→ TASK DETAILS
Exclude the pictures and transcribe the rest of the data below exactly.

### COLLECTED MATERIAL

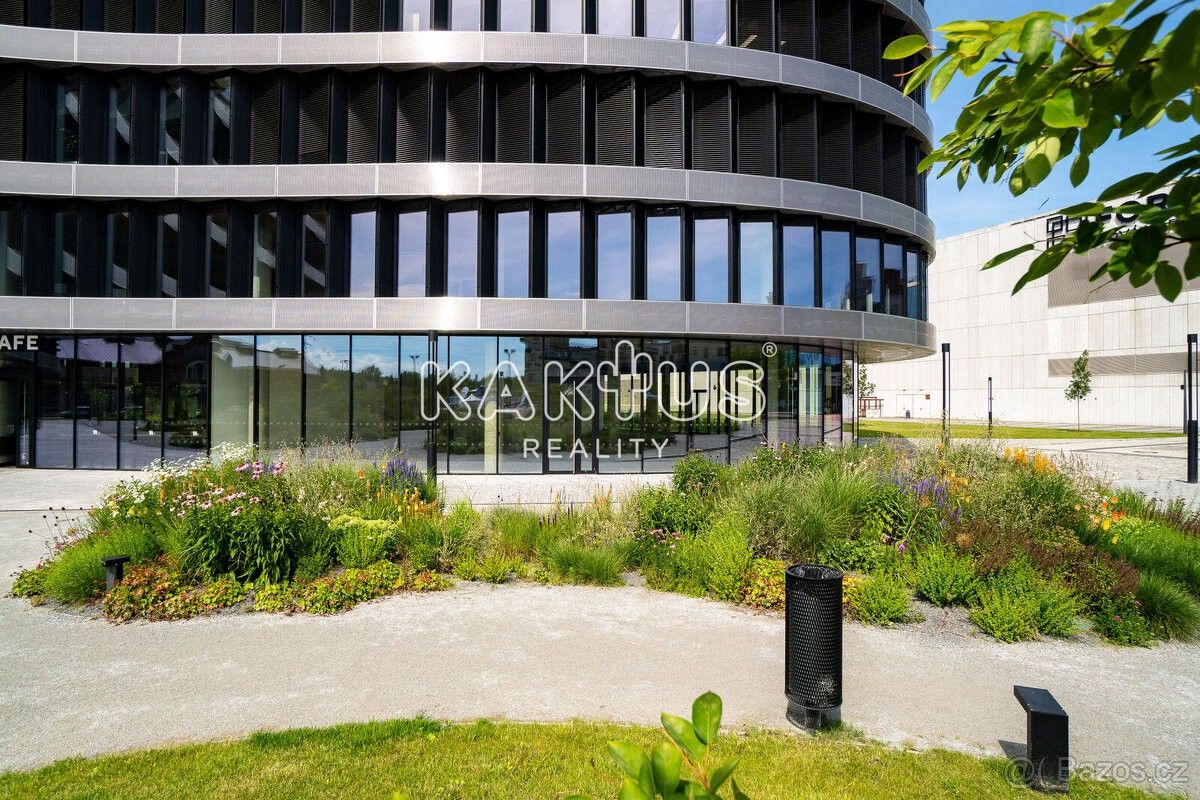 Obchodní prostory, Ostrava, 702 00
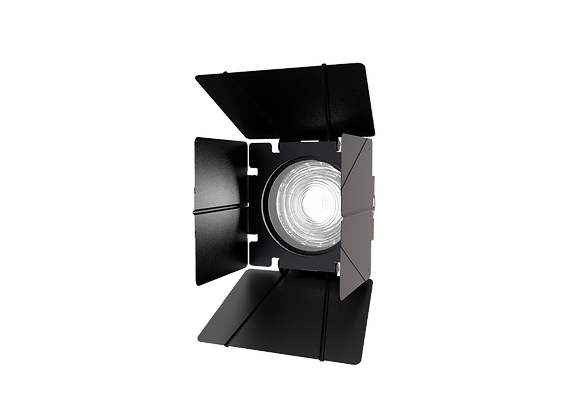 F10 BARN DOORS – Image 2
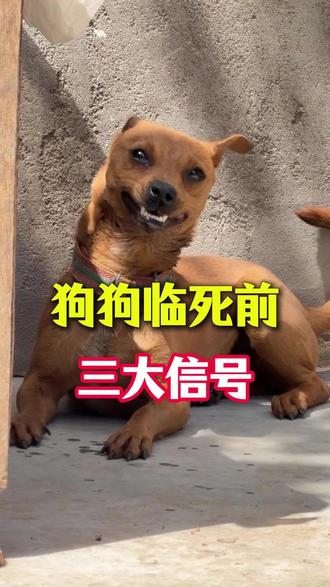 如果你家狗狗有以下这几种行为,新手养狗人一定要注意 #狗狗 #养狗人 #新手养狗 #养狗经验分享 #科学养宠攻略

######

→ TASK RESPONSE
 Obchodní prostory, Ostrava, 702 00
 F10 BARN DOORS – Image 2
 如果你家狗狗有以下这几种行为,新手养狗人一定要注意 #狗狗 #养狗人 #新手养狗 #养狗经验分享 #科学养宠攻略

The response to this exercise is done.